The TAB team had interviewed a number of key stakeholders and front-line personnel during the initial records management program development. They knew that Janssen-Ortho used the Six Sigma methodology, and were very geared to measurement, analysis and metrics. They also recognized
that the employees thrived on achievement and competition.
So Moretti and her team went back and reviewed the classification and retention system, combining this with what they knew about the culture to create a learning environment best suited to Janssen-Ortho personnel.
Going to School
TAB developed an entire road show-style training package for different departments which Janssen-Ortho could continue to roll out as needed in the future. The program focused on the importance of records management, explaining why Janssen-Ortho was committed to it and how the new system would help make everyone’s job easier.
The training program consisted of a one-day session, with half a day spent in the classroom learning the classification and retention system, and half a day spent on the floor applying what they had learned. TAB personnel supported and mentored employees, walking them through the TAB SMART process, including a review and purge of paper and electronic records. Together they went through the steps of applying classification to files and shared drives, as well as organizing records on their servers. In the process they also covered the dangers of keeping multiple copies, hard vs. soft copies, the correct way to handle emails and more.
The emphasis was on making the process fun and engaging. To foster friendly competition, different groups had timelines and targets set for cleaning up and organizing their files. Incentives included “TAB Bucks” that employees could collect for good questions, correct answers and goals met, redeeming them for rewards.
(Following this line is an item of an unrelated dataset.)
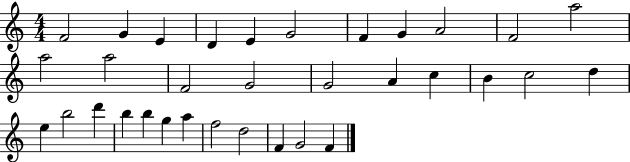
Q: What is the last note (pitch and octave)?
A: F4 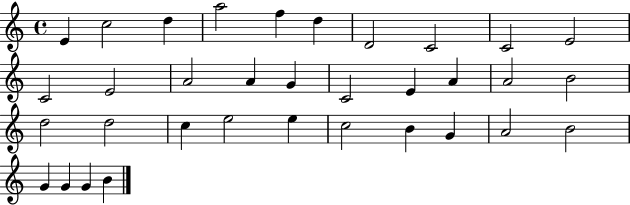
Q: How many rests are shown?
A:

After initial training, TAB continued to work one on one with individual groups to ensure that everyone was up to speed.
A Prescription for Compliance
For both Janssen-Ortho and TAB, the project was a learning experience and a success. A good illustration of this can be found in how concerns around the shared drives were alleviated. Through the training process, a common language and structure on shared drives was implemented,
regardless of topic, group or ownership. It went from being an unstructured catch-all to a structured, tiered design, making the retrieval process easier, and putting Janssen-Ortho in a
position to implement a document management system.
As Chan puts it “Over the past year, we’ve worked with TAB to develop a classification scheme, retention schedule, and implementation plan for our organization. I think a lot of our success has come from the quality of the training program. Usually the education process is dry and it makes buy-in all the more difficult, but TAB really excelled at making it fun and engaging for everyone. The SMART concept has been well received by our personnel. Our thanks to TAB for being great business partners.”
TAB shares this view, and according to Moretti, “Working with Janssen-Ortho was an excellent professional experience. For us, pharma is the Everest of records management. TAB’s strength is the knowledge we have, our practical experience. We know how to tell the story of records management and make it relevant to the people that actually use it. This is why we have had so much success as educators and facilitators in the implementation phase. This project gave us a chance to use every tool and all the approaches we have been developing. Both Goldwyn Chan and Karen Connell as well as their entire team were very good at helping us do what we do best.”
Both sides continue to work together on emerging priority areas and refining the existing system.